Large-scale Minimum Variance Portfolio Allocation Using Double Regularization, a paper co-authored by our school’s Professor Zhang Xueyong, Professor Bian Zhicun from Nanjing University of Finance and Economics, Associate Professor Lin Liao from Macquarie University, Michael O’Neill from Investors Mutual Limited, and Jing Shi from Shandong University of Finance and Economics, was officially published on the 2020 116th Volume of Journal of Economic Dynamics and Control, a prestigious journal on economics.

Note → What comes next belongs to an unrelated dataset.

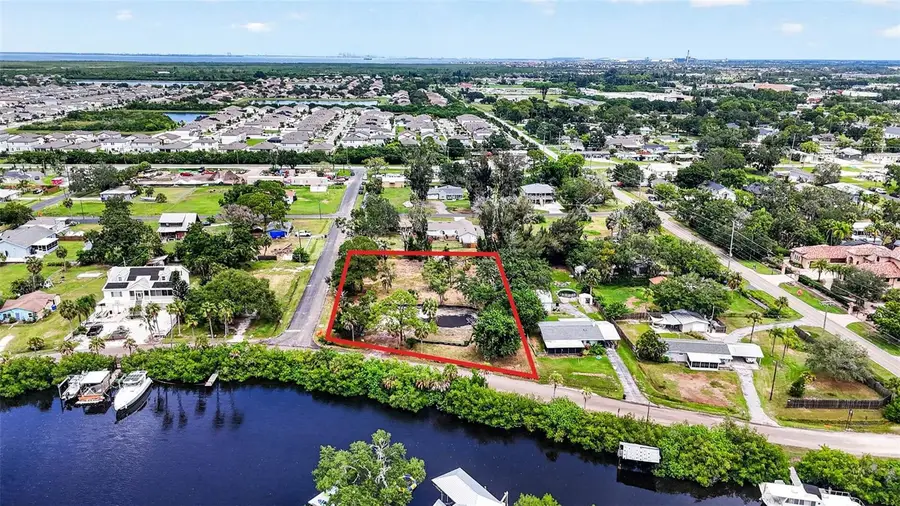 409 1st Avenue Nw, Ruskin, FL 33570 - #3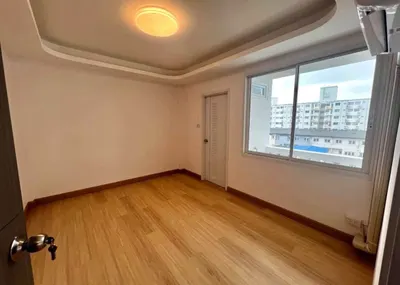 Condo for sale near MRT Bang O, photo 3 of 5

Estimation of time-varying covariance matrices is a crucial input in minimum variance (MV) portfolio allocations. Rolling window-based sample estimates are widely used for this purpose, but they usually suffer from two major issues when applied to a moderately large number of assets: the “curse of dimensionality” and “temporal instability.” In this paper, the authors adopt a cutting-edge machine learning method and propose a doubly-regularized estimator for a high dimensional covariance matrix in which they impose both a temporal and cross-sectional sparsity regularization on the sample-based estimates to simultaneously address these two issues. It investigates the performance of the new estimation method for MV portfolio construction using Monte Carlo experiments and empirical examples. It then finds that the resulting MV portfolio strikes a good balance between risk and turnover reduction, and produces more accurate equivalent returns after transaction costs are taken into account when compared with four other MV strategies.
The paper not only proposes a new methodology, but also examines the effectiveness thereof from experimental and empirical perspectives. In simulation studies, the authors experiment with three scenarios: (1) The real covariance matrix is time-invariant; (2) The real covariance matrix changes discretely with large magnitudes; and (3) The real covariance matrix changes continuously with small magnitudes. This paper builds five MV portfolios based on the DRRW method, and, by comparing their performance with portfolios derived from other estimators, finds that the performance of the DRRW-based portfolios is far better than other portfolios under the above three scenarios. In empirical analysis, it compares the DRRW-based portfolios with Kenneth French’s diversified portfolios, and the random portfolios of the American Stock Exchange and the New York Stock Exchange, and finds that the DRRW-based portfolios all fulfill lower out-of-sample risk levels and more accurate equivalent returns after transaction costs are taken into account. MV strategies built on the DRRW method can not only obtain more stable investment returns, but also strike a good balance between readjusting portfolios to reflect new data and avoiding excessive trading which can result in higher transaction costs.
All in all, the paper comes up with a new DRRW method to estimate covariance matrices, and the MV strategies built on this basis can deliver better investment performance. Meanwhile, it also points out that the DRRW method can be applied to other investment optimization methods and holds great potential for future studies.